Israeli football club

Maccabi Sektzia Ma'alot-Tarshiha (מכבי סקציה מעלות תרשיחא) is an Israeli football club based in Ma'alot-Tarshiha that currently plays in the Liga Alef North division.

==History==
The club has mostly played in the lower divisions of Israeli football. In the 2004–05 season, they were promoted to Liga Alef for the first time after winning the Liga Bet North A North A division. They finished the debut season in Liga Alef North in 6th place, but were relegated back to Liga Bet in the following season after finishing bottom of Liga Alef North. In the 2010–11 season, the club won the Liga Bet North A division for the second time and returned to Liga Alef. In their comeback season in Liga Alef North, the club achieved their best placing to date, finishing in 4th place.

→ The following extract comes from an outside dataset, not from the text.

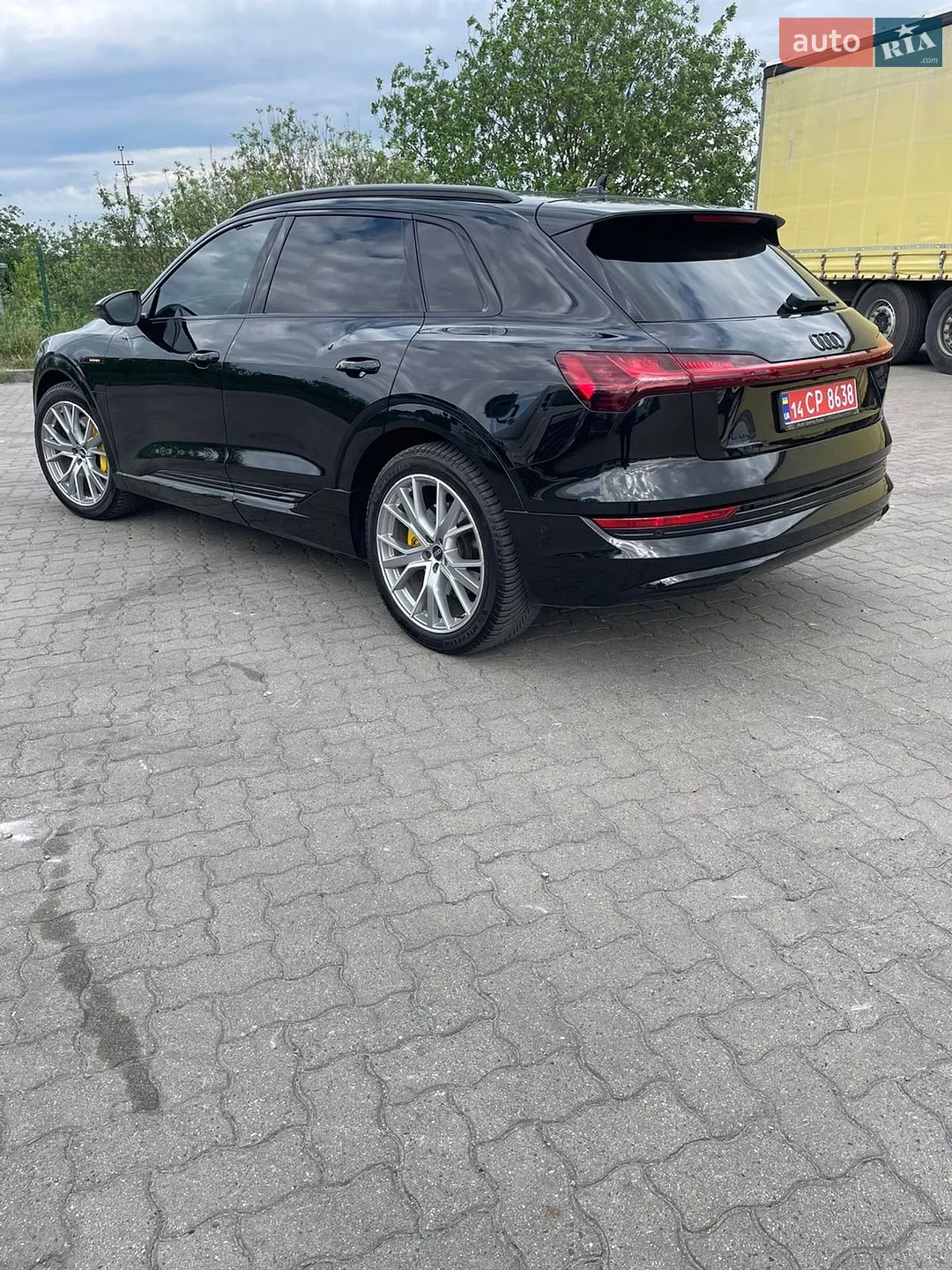 2020 Audi e-tron - мініатюра 10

However, they were once again relegated back to Liga Bet in the following season after another bottom finish.

The club made a remarkable run in the 2013–14 Israel State Cup while playing in Liga Bet, the fourth tier of Israeli football, after eliminating Liga Leumit clubs Hakoah Amidar Ramat Gan 3–0 and Hapoel Petah Tikva 2–1, reaching the Quarter-finals. There, they were defeated 8–0 by top flight club, Maccabi Petah Tikva at HaMoshava Stadium.

In the same season, the club finished third in Liga North A and qualified for the promotion play-offs. After beating F.C. Ahva Kafr Manda, Hapoel Shefa-'Amr, and Maccabi Ahi Iksal, they faced Hapoel Daliyat al-Karmel in the decisive promotion/relegation play-offs. Ma'alot won 6–5 on penalties after a goalless draw and were promoted to Liga Alef.